Abstract

MANY twentieth-century works absorb and modify compositions from earlier periods. The resulting are often works of surprising originality. They paradoxically reflect the characteristic elements of twentieth-century musical structure even as they appear most immersed in the past. The most interesting recompositions involve the imposition of a new, idiomatically post-tonal musical structure onto an intact tonal model. In pieces such as Stravinsky's Pulcinella, Schoenberg's Concerto for String Quartet and Orchestra, and Webern's orchestration of the Ricercare from Bach's The Musical Offering, composers create new works by recomposing older ones. Recomposition is a genre with a long history. In the fifteenth century, the Renaissance concept of imitatio found musical expression in various kinds of pieces: arrangements of songs for instruments, the adding of voices to a preexistent piece, the revision of an earlier work, and the structural modeling of one piece upon another.

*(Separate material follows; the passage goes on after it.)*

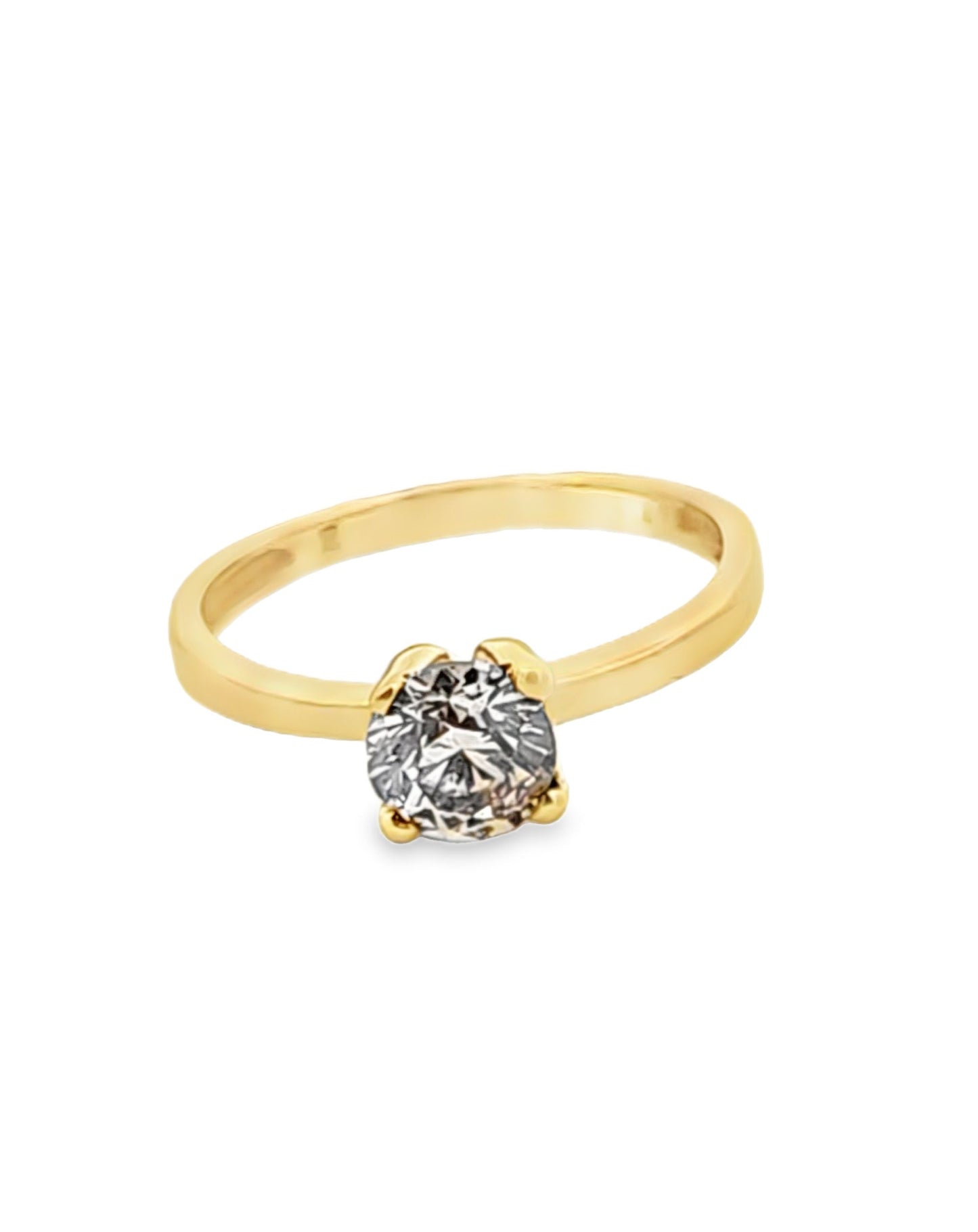 Anillo Oro Amarillo 18 Kt Diamante 1 Quilate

In the later Renaissance, this concept gave rise to the widespread use of parody, most obviously in Masses based upon preexistent polyphonic compositions.2 More recent examples include, among many others, Bach's arrangements of Vivaldi, Liszt's settings of Beethoven, and Mahler's orchestrations of Schumann's Symphonies.3 The desire to recompose the works of one's predecessors seems to be almost as old as Western music itself.